THE DATA START

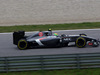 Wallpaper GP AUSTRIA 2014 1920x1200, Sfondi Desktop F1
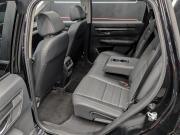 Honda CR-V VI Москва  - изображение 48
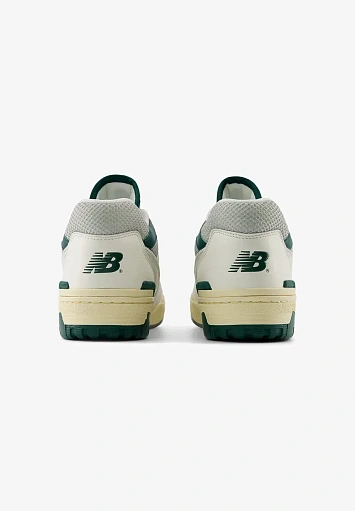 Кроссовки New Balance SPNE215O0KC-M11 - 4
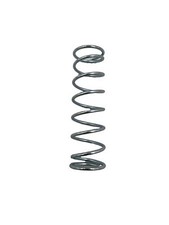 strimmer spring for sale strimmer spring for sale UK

THE DATA END

An image-free, exact version of the listing above is required.

YOUR SOLUTION:
 Wallpaper GP AUSTRIA 2014 1920x1200, Sfondi Desktop F1
 Honda CR-V VI Москва  - изображение 48
 Кроссовки New Balance SPNE215O0KC-M11 - 4
 strimmer spring for sale strimmer spring for sale UK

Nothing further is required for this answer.